I fired all three loads colt45,410 bird shot and 45/70 from this little gem, only the latter kicked more than my s&m .500. Its a better trail gun for the desert than the woods. But the American derringer Alaska survival model is a show stopper at the range

Anonymous said...

have any of you had problems with the primmers backing out with 45 colt and the 410 ?

Anonymous said...

I have the 10mm M1 it is a lot of fun to shoot. I have had for many years. When I go to the desert to shoo I usually fire just 4 rounds of double tap ammo. Yes it kicks but in a pinch I would trust it with my life.

jim said...

Just sold my 38 Special M1 Derringer to a dealer. Here in South Texas ATF is sending in illigals with charges pending to try and buy pistols for " friend" who doesn't speak English. Buyer has a driver's license and all seems good except the hovering "friend" and the obvious Mexican accents all around We have learned to avoid all that by selling only to FFLs and get a receipt.

Noticed when I got home the receit had no buyer's name, address etc. The routine is to pick up dealer's business card and staple it to the paperwork.

Not that long ago private sales went like this: hand me the pistol and I hand you cash. That is over here in Texas. Jim

Anonymous said...

Has anyone ever owned or shot the Aluminum framed lightweight American Derringer ?? Recoil ??? I have never seen them for sale here in Connecticut.. Glen

Anonymous said...

I was at one of our gun shows today here in Arizona and seen an American Arms derringer in .44 magnum for $200 , memories of the last .44 magnum derringer came to my mind and the pain I endured after firing only two rounds , no I would not buy that gun again if it were $100 ! The web of my hand felt like it were hit with a heavy hammer ! God did that hurt !!!!

Anonymous said...

Bought a "high end" Custom M-1 (.410/.45)and was really disappointed. Custom grips - paint wore off within first few months and the lever to release the barrels jams after only minimal firing. Elizabeth takes no responsibility for resolving issues. Would definitely not buy an AD again

Anonymous said...

Just a comment that I wish to make especially for the owners of the shotgun derringers or owners of the Taurus Judge , today March 21, 2011 Taurus is waiting the approval from the BATF to market their newest shotgun revolver not .410 gauge but a 28 gauge revolver ! I can only imagine how many people will rush out and buy this hand cannon, only problem 28 gauge ammo is alittle hard to find, should be a real blast to shoot ! The anti-gun liberals will be having fits when and if this weapon is ever offered to the public !

Anonymous said...

I was thinking of buying a A D Mod 1 in .410 for carry & back up .I like the fact that when you cock the hammer ,the safety clicks OFF automatically .The Bond doesn't.the Bond would take too much time to get in to action.also the bond is way Too heavy to carry in my pocket..With the popularity of the "Judge" the Ammo Manufacturing C.O. s are now coming out with all kinds of low recoil & specialty .410 rounds.With a Derringer .410 is the only way I would GO...Any Advise ????..GLEN M

Anonymous said...

this is Elizabeth at ADC and i greatly appreciate all of those who have owned and stood up for our product, we are here to please and i know some people have had problems in the past maybe that didn't get resolved but i will do my best to still make out product by hand one at a time and give it my upmost attention to quality and if you have any problems or questions don't hestitate to call, ES

James A. Zachary Jr. said...

Mrs.
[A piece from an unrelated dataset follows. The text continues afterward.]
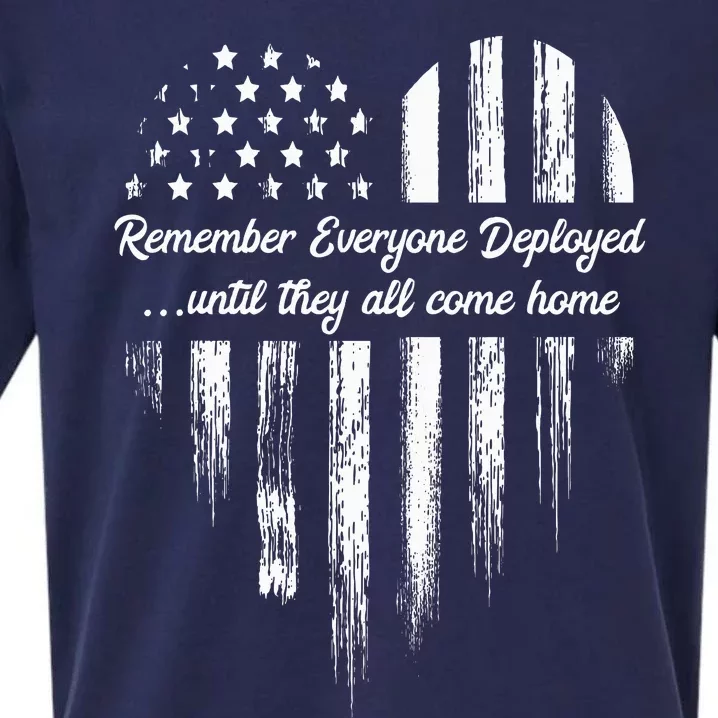 Red Friday Remember Everyone Deployed American Flag Heart Sueded Cloud Jersey T-Shirt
Saunders, thanks a million for stopping by. I am most honored.

Anonymous said...

I own the Bond derringer as well as the American American Arms derringer both are top quality, my preferance goes towards the Bond derringer because of the interchangable barrels, I shoot every thing from .22LR to .45/.410 in the same gun by just changing barrels ! For self-protction with .45/.410 derringers use .45 Colt, .410 buckshot, .410 slug, avoid #8,#9 shot as they are nearly worthless, lots of noise, recoil but no penetration beyond 15 feet ! I picked up a Thompson Contender this past weekend in .45/.410, that is a truely accurate and well made weapon, very good for survival as it is easy to hit with at much greater range than the .45/.410 derringers ! The problem with derringers is that they have over and under barrels making them not very accurate beyond short range ! Good for about 10 feet maximum !

Anonymous said...

Growing up in the 1950's and 60's and after watching TV westerns like Yanncy Derringer or Maverick I like so many other boys my age always wanted to own a real cowboy six shoter and a derringer ! Well I now own several derringers, two original Remmingtons , plus a Bond derringer and an American arms derringer and in the past numerous Davis and Rohm derringers ! All I can say is these little two shot weapons are an interesting relic of a bygone past, but not something a person should even consider today for self-defence ! There are so many top quality handguns today that are so far superior to carry, such as an air-lite model 442 S&W or even the Ruger LCP revolver or the numerous .32ACP or .380 pocket automatic pictols,Kel-Tec, Ruger,Seecamp etc, derringers are slow to shoot as the hammer must be cocked ! I do have a big laugh when ever I see the ad for the American Arms derringer "Alaskan survival" .45/70 over .410 , a two shot derringer used in Alaska for survival!? Using a two shot derringer against a polar bear that is charging you ? The bear would have to be on top of you before you could make an accurate killing shot ! And then you would probably get a broken wrist from the massive recoil ! In Alaska as a good "backup" gun give me S&W .44 magnum revolver or atleast a Glock .45ACP with a high cap magazine ! Wild animals like young criminals move fast, the self-defence weapon you need must also operate fast as your life will depend upon it !

Anonymous said...

Just an important word of advice, once in awhile a person will come across reloaded ammo for sale at garage sales, swap meets especially in the western states such as here in Arizona, my advice is avoid it unless you know very well who reloaded that ammo, two weeks ago I fired some reloaded .38 special ammo purchased from a local swap meet, four rounds fired alright, but the fifth round just went pop, no bullet left the barrel, needless to say whoever loaded this ammo forgot to put powdwer in the shell, the bullet stuck in the barrel and I had a heck of a time getting it out ! Thank God I was not using my gun to defend myself ! Also I have heard of stories of individuals (new at reloading) reloading ammo to beyond magnum in power making the ammo dangerous to fire, so for safety, stay away from reloads!

Anonymous said...

I was at the Walmart the other day and wanted to purchase some .410 ammo for my American Arms and Bond derringers, needless to say all that was avalible was the #8 .410 shot, which I feel is just about worthless except for mouse and rat removal at very close range, I purchased the .410 ammo anyway and tryed something different, I cut off the top of the shell and pour out the small shot and replaced it with a couple of fired .22 bullets and a few .177 air-gun pellets, packed cotton over the shell ! Took my American Arms derringer to the range and fired at a piece of 1 inch plywood about 10 paces away ! The .22 bullets went right thru the plywood and the pellets put deep holes(pattern was not that good as the used bullets were deformed)but good for very close range self-defence ! Much better than the #8 shot, something to try if you can not locate buckshot or #4 shot for your American, Bond derringers !

Anonymous said...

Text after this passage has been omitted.